Minimizing size of browser profiles backups

Created: — modified: — tags: bash chromium firefox windows

how to minimize them about 10-fold

If you, like me, care about your resilience of your browser session (history, bookmarks, open tabs), then you likely do backup it. Maybe even every 5 minutes?

However, you might also notice that it takes up quite some space. For example, my Google Chrome "User Data/Default" directory takes up just a bit over a gigabyte. That's quite a lot to backup every 5 minutes! But most of this data is not interesting: some caches, extensions which can be reinstalled if needed, and other "site data" which I don't care about. Actually, most of directories can be safely ignored (just disable "recursive" option in your backup utility), what leaves "only" a bit over 150 Mb. The only subdirectory I actually care about is "Sessions" - that's where list of all open tabs is saved - and it can be dealt with by a separate job in the backup utility.

Is it possible to go below 150Mb? Yes, and that's what this article is about!

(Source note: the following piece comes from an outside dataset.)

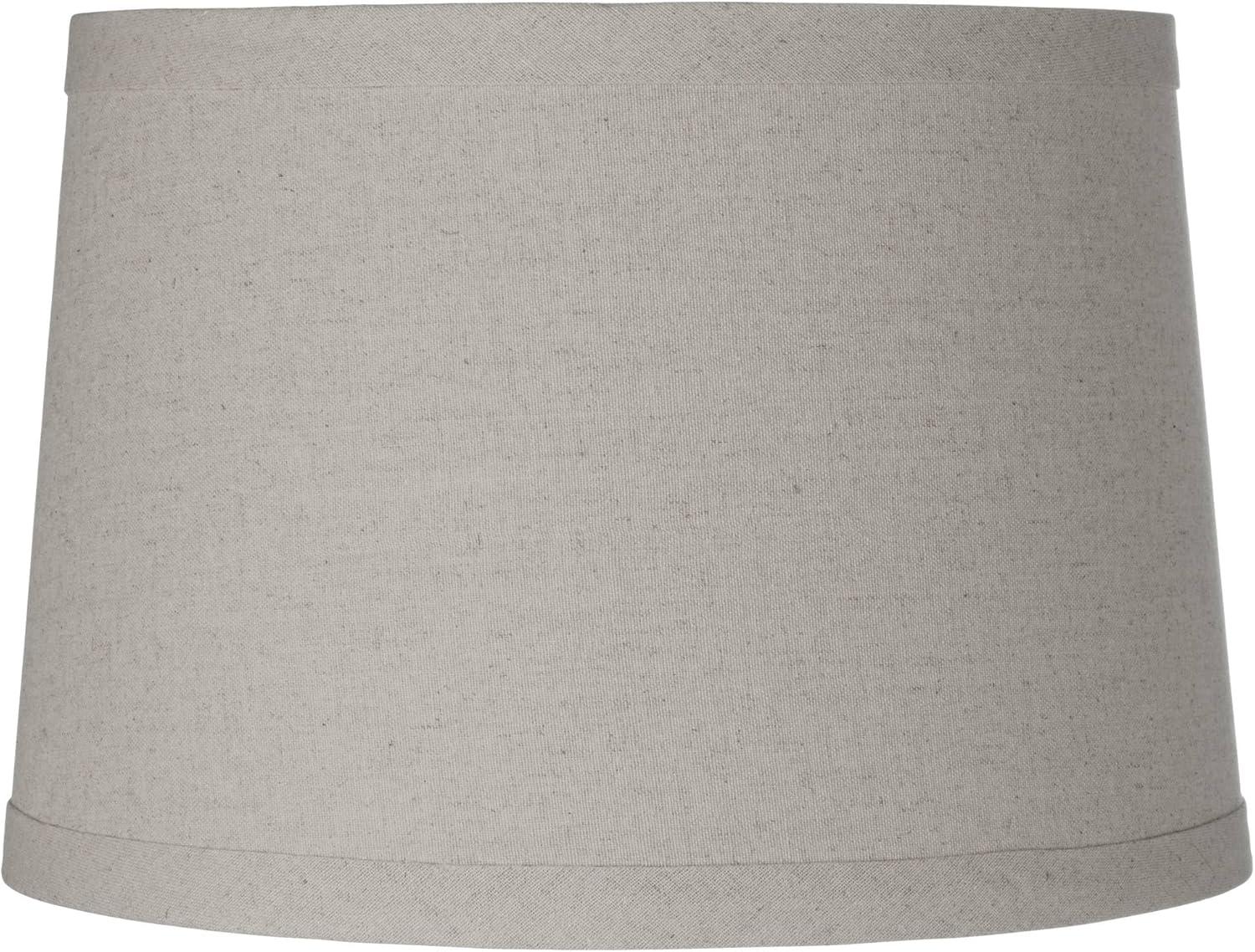 Springcrest Burlap Medium Drum Lamp Shade 14" Top x 16" Bottom x 11" High (Spider) Replacement with Harp and Finial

Turns out, many of these files are actually SQLite3 databases, which:

a) seem to only grow in size (if you don't VACUUM them)

b) aren't compressed (well, SQLite does support some compression extensions: one of them is developed by SQLite devs and is paid, and another one was recently shown on Hacker News, but could you convince your browser vendor to use any of them?)

c) are optimized for performance (hi indexes), so have some duplicate data.

After manually trying various approaches to compress some of the biggest databases in profile, (including running VACUUM on a database followed by gzip'ing it), I concluded that the most simple and space-efficient way is to dump database to a plaintext SQL file, and then gzip-compress the resulting text, something like this:

sqlite3 "$file" .dump | gzip >"$file.sql.gz"

This needs to be done only with SQLite databases, and care should be taken with exclusively locked files which can't be open for reading (if your OS supports that). For example, on Windows I use FreeFileSync to sync browser profiles into C:\browser-backups\%BrowserName%.tmp folders, and then the following Cygwin script to move-compress them to C:\browser-backups\%BrowserName%, from where they're picked up by rsync from the backup server.

#!/bin/bash
PATH=/usr/local/bin:/usr/bin:/bin
cd /cygdrive/c/browser-backups/
for browser in Chrome Vivaldi Firefox; do
    mkdir $browser.wip
    ls $browser.tmp | while IFS= read -r file; do
        if ! head -c15 "$browser.tmp/$file" | fgrep -q "SQLite format 3"; then
            # plain file
            ln "$browser.tmp/$file" $browser.wip
        else
            # sqlite db
            sqlite3 "$browser.tmp/$file" .dump | gzip >"$browser.wip/$file.sql.gz"
            touch -r "$browser.tmp/$file" "$browser.wip/$file.sql.gz"
        fi
    done
    test -d $browser/Sessions && mv $browser/Sessions $browser.wip
    mv $browser $browser.del
    mv $browser.wip $browser
    rm -rf $browser.del
done

Note that it also preserves C:\browser-backups\%BrowserName%\Sessions directories for Chrome-based browsers, assuming they're copied separately.

After that, size of overall data to backup decreased from over 150 Mb to 18Mb, and the biggest file (which is also the one which gets changed most often) - from 64 to 6.6Mb.

While these megabytes might sound not that much, worth noting that being backed up every 5 minutes, these backups of browser profiles contribute to a noticeable share of my backup server disk usage.

Of course, alternative would be to use an advanced filesystem, like ZFS or btrfs, which natively supports per-block deduplication (so they can store common parts only once). But if your backup server is a small router (or even an entry-level NAS) without support for these fancy filesystems, and you can't recompile kernel for it - what other options do you have?